Hurricane Sandy pounded the Bahamas with battering winds and rain on Friday, sweeping over the island chain after killing 21 people across the Caribbean and posing a menacing threat to the U.S. East Coast.
Forecasters warned the late-season storm is expected to combine with a polar air mass near the United States next week, potentially producing a highly unusual and potent storm that could wreak havoc along the U.S. East Coast.
Late Thursday, Sandy weakened to a Category 1 storm as it tore though sparsely populated low-lying southeastern islands in the Bahamas, knocking out power and blowing off rooftops of some homes.
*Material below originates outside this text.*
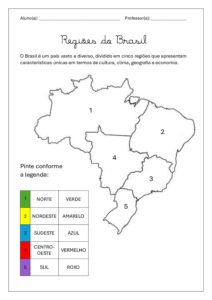 Pintando as Regiões do Brasil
Sandy's torrential rains and heavy winds were blamed for the deaths of 21 people. The Cuban government said on Thursday night that 11 people died when the storm barreled across the island, most killed by falling trees or in building collapses in Santiago de Cuba province and neighboring Guantanamo province.
Haiti's civil protection office said nine people died even though the country did not suffer a direct hit from Sandy, and one person was killed by falling rocks in Jamaica when the storm struck there on Wednesday.
The Cuban deaths were an unusually high number for the communist island which prides itself on protecting its people from storms by ordering mass evacuations.
Winds and rains generated by Sandy were also being felt in south Florida.
Early Friday, the U.S. National Hurricane Center said Sandy was about 55 miles (90 km) southeast of Great Abaco Island in the Bahamas and packing maximum sustained winds of 85 miles per hour (140 km per hour).
Sandy is forecast to remain a Category 1 hurricane as it continues to move over the Bahamas on Friday, sending swirling rains and winds across several hundred miles.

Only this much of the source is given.